I have a set of short read sequencing for the 172 KB Epstein-barr virus genome. We successfully called our variants using GATK to a reference genome. A publication linked below from a different population compared variants (also from short read sequencing) to published already assembled EBV genomes. Unfortunately the raw short read sequencing data for the majority of published EBV genomes is not available. I believe to get around this the authors compared variants of these published assembled genomes to a single reference sequence. Is there a standard for this type of analysis? I realize we're taking those assemblies at face value, but not sure about other options. I tried using minimap2 and many samples which I know have variants had none detected.
minimap2 -cx asm5 --cs ebv_ref_genome.fa ebv_assembled_genome.fa \
| sort -k6,6 -k8,8n \
| paftools.js call -f 'ebv_ref_genome.fa - > ${sample}.vcf
Genomic and Transcriptomic Characterization of Natural Killer T Cell Lymphoma https://www.sciencedirect.com/science/article/pii/S1535610820300945?via%3Dihub
One could do a multiple genome alignment. EB virus is about 170 kb but since these are related genomes it should be feasible.
yes, though here it is a little unclear of what the OP needs, I am just going by the example shown there that has a pairwise alignment and expects a VCF file.

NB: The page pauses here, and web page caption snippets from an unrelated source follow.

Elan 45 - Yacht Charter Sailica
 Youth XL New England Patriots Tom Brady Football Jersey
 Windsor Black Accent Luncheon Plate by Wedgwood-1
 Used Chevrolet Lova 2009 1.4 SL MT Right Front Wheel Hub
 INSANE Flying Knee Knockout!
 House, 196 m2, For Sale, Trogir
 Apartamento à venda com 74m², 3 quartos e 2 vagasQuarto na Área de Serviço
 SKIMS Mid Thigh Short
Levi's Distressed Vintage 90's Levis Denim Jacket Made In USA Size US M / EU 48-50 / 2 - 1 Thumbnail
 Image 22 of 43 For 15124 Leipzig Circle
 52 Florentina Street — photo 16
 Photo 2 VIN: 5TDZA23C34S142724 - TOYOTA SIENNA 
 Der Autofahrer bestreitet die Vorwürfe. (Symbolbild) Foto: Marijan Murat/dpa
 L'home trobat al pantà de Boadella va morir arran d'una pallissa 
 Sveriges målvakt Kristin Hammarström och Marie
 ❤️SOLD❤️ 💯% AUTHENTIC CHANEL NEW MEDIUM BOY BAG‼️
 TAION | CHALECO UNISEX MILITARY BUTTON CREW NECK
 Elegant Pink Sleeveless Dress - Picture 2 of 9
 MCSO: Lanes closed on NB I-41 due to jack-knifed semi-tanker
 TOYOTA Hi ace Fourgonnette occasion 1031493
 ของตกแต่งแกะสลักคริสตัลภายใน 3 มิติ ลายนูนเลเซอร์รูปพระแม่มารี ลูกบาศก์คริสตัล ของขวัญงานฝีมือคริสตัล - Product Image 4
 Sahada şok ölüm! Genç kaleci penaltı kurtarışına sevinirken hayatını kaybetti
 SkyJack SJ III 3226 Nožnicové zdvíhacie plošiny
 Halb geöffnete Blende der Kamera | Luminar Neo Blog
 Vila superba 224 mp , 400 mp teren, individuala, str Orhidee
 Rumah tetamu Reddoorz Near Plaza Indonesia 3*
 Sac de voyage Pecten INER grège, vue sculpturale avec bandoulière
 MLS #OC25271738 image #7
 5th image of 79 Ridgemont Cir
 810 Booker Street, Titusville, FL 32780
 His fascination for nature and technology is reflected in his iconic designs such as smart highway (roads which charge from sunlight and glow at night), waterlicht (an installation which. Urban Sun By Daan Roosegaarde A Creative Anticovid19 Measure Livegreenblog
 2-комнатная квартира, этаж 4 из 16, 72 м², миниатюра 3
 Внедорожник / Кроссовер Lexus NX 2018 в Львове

When we align multiple sequences it is not clear that the results would be a valid VCF as there is no "reference" to speak of, the multiple sequences are aligned relative to one another - rather than a single reference as the VCF requires
I also found this tool that may be of use
https://github.com/sanger-pathogens/snp-sites
A particular sequence can be designated as "reference" in some MSA programs. MAFFT allows one to do this.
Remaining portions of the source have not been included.